Bilal Ibn Abu al-Bara al-Saudi is one of these children, from the Al Qaeda era. His father fought with Al Qaeda against the US military and was killed in the Adhaim area, south of Tikrit in 2008.
Al-Saudi’s father was married to the daughter of another Al Qaeda member, originally from south of Samarra. After he was born, the child spent seven years without an identity card or any official documents. Now eight, he was unable to enroll in school with his peers and, for a child, he has lived a very lonely life. Many of the other children in town treat him as though he is a lesser person.
Often the families or mothers of these children end up being forced to live this way, staying in specially guarded or isolated areas and homes, often under the protection of some senior community members who ensure their safety.
Al-Saudi’s mother has managed to contact her deceased husband’s relatives in Saudi Arabia and they have told her they will get hold of forged identity papers and passports that will allow her and her son to leave Iraq and move to Saudi Arabia. Al-Saudi’s mother says she would rather live in exile, away from her homeland, than go on with the lonely life she has here so far.
"Iraqi law doesn’t cancel a person’s citizenship even if they are convicted of criminal or terrorist acts,' Saad Mahmoud al-Issawi, a local lawyer told Niqash. "If the mother or the relatives of the child can prove the nationality of the terrorist or criminal father, and that the marriage was legal, then by rights the child should receive the identity card he needs."

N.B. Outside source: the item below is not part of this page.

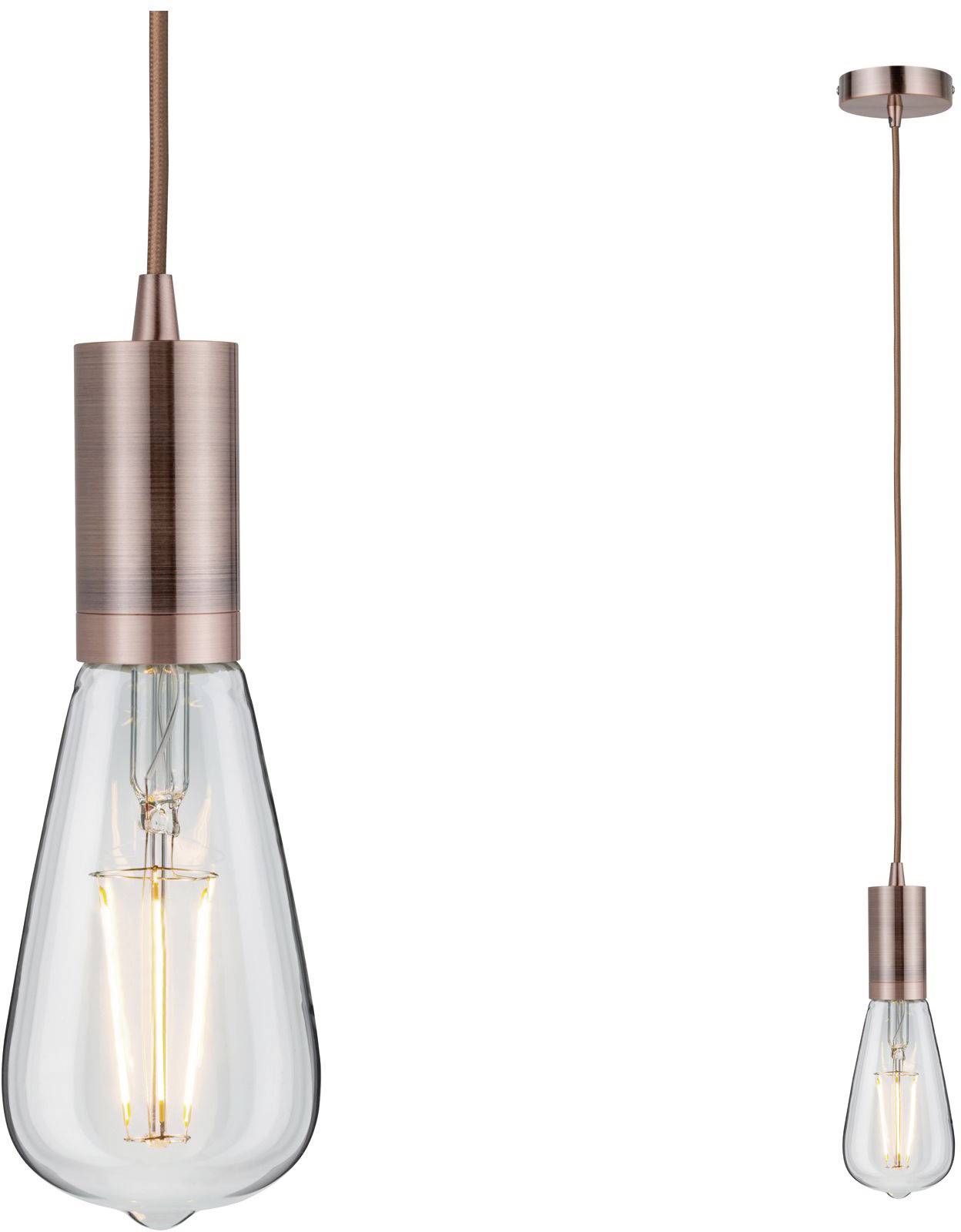 Paulmann Haldis 50387 Pendelleuchte LED E27 Kupfer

If a child’s paternity cannot be proven though, then he is classified as "an abandoned child," al-Issawi continues, and he wouldn’t be awarded Iraqi nationality.
Sitting today in the courtyard of her family’s home, in the middle of a grove of citrus trees, Wafa says her only wish is to have a normal, simple life with her daughter, Nour.
"I just want to live with her in this house where I was born," she told Niqash. "I want to carry her in my arms and go to the market, or go to a medical clinic, or go to visit my relatives without seeing everyone looking at me, their eyes full of mistrust and anger."
Written by Ghazwan Hassan al-Jibouri for Niqash.org.
*Names have been changed or withheld to protect the families interviewed around Tikrit.